L6385E gate driver buck converter

I am familiar with the theory of this circuit and believe I have connected everything correctly. The gate driver I am using is the L6385E.

http://www.st.com/content/ccc/resource/technical/document/datasheet/b2/ab/e2/82/c8/bc/42/fe/CD00169717.pdf/files/CD00169717.pdf/jcr:content/translations/en.CD00169717.pdf

Some of the parameters are:

Vcc = 16V

H.V. = 2-24V

L = 33uH

Cout = 3300uF

Cboot = 1uF

R = 10K

The FETS are IRF100B202. I will link the datasheet down below.

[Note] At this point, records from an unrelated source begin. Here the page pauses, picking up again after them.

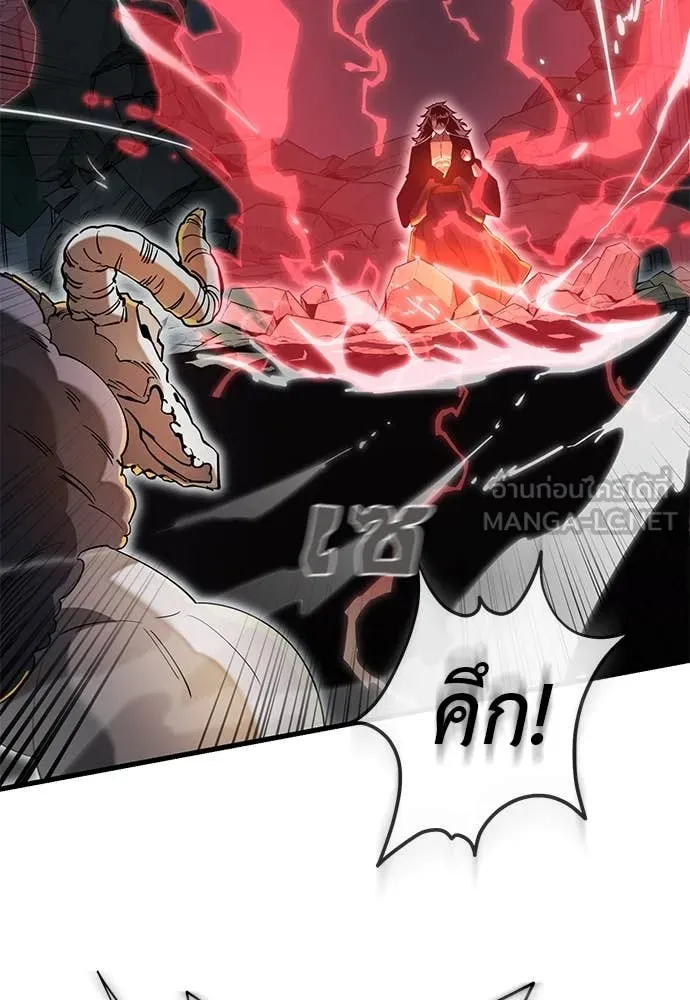 Reincarnation Path of The Underworld King ตอนที่ 97 25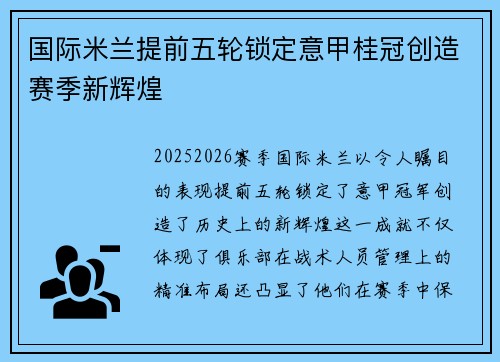 国际米兰提前五轮锁定意甲桂冠创造赛季新辉煌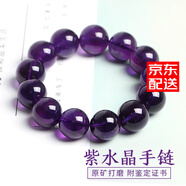 金石靈 天然紫水晶手鏈男女款水晶瑪瑙情侶手鏈佛珠手串送男女生日禮物 珠徑17-18毫米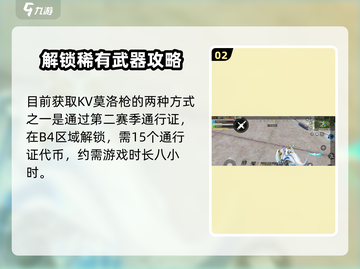 《使命召唤手游》KV莫洛获取攻略🔥🎮截图3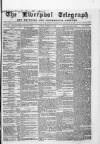 Liverpool Shipping Telegraph and Daily Commercial Advertiser Friday 06 September 1861 Page 1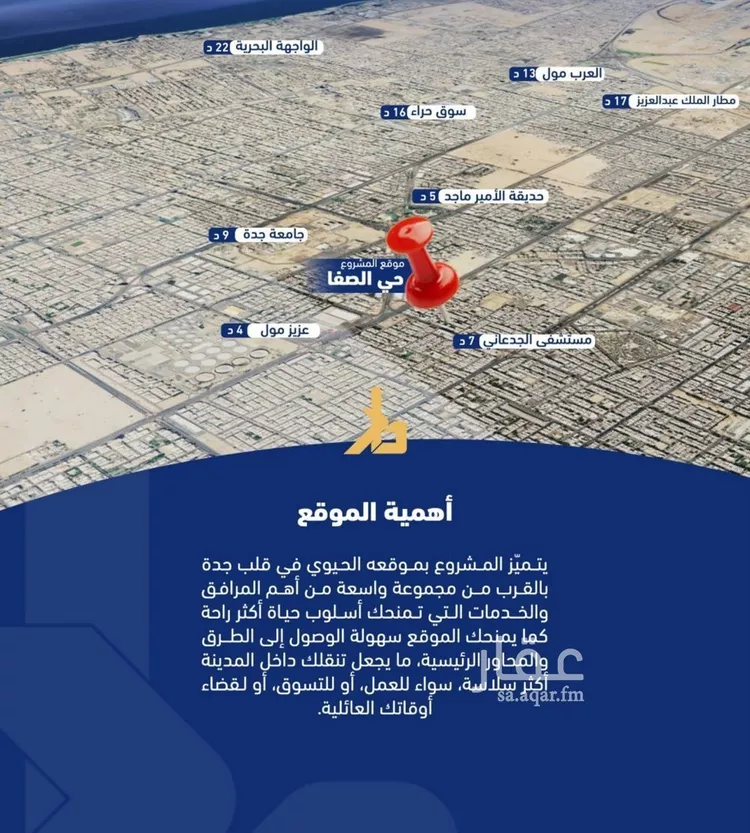 شقة للبيع في شارع فداء, حي الصفاء, مدينة جدة, منطقة مكة المكرمة صورة 4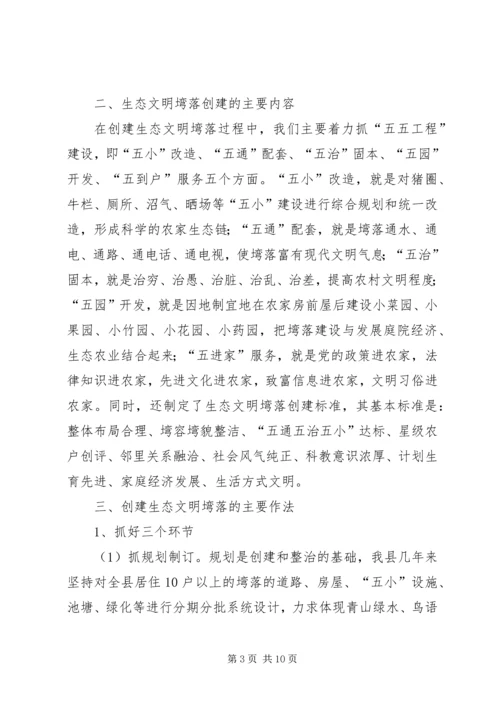 社会主义新农村建设座谈会汇报.docx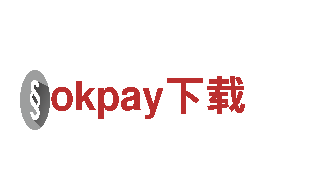 okpay下载-创新的机械企业公司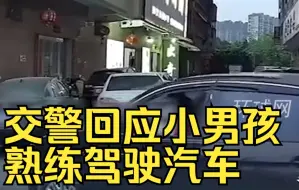 交警回应小男孩熟练驾驶汽车：已接到举报，正在处理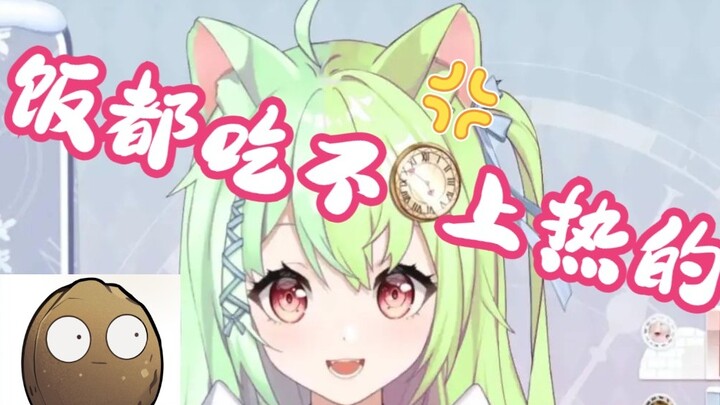 [Xuehu Sang] The black gold treasure box made me lose my dinner and my discount money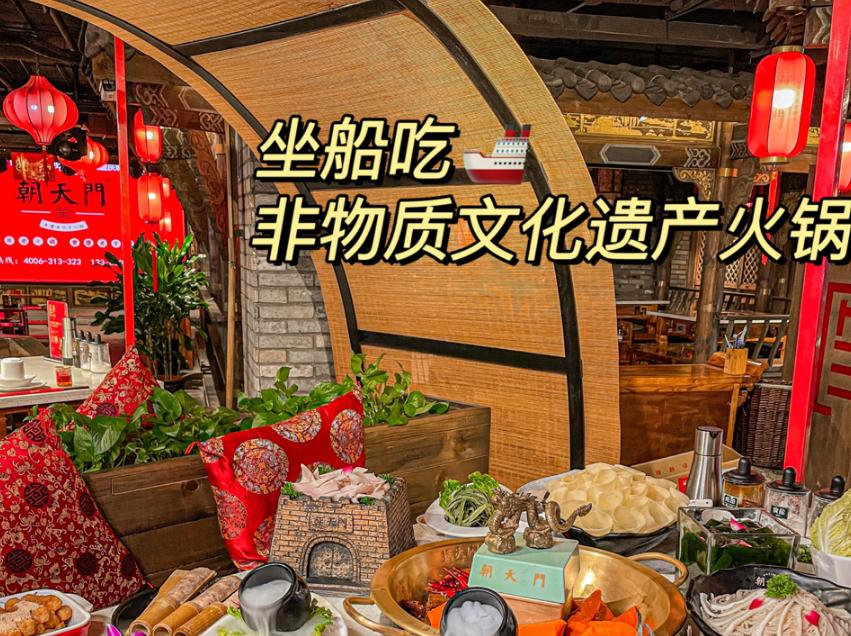 輕松打造火鍋店舒適就餐環(huán)境，學(xué)會(huì)這四招！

I apply a PWM of 62kHz to the Hin, and connect Lin to GND. With Vcc at 16V, Vboot becomes about 13V due to some internal losses. With H.V. around 2V this is fine and the high-side MOSFET is driven fine with a Vgs above 10V. Except, when I increase H.V., I would expect Vboot to rise the same amount, so the high-side FET can still be driven. But the problem is that Vboot does in fact not rise at all when I increase H.V.. This causes the high-side gate driver to stop working, because it can no longer supply Vgs = 10V to the FET.

I have tried a variety of different components and the problem still persists. Am I missing something crucial in the workings of this circuit, or am I maybe using some wrong components? I would appreciate some feedback!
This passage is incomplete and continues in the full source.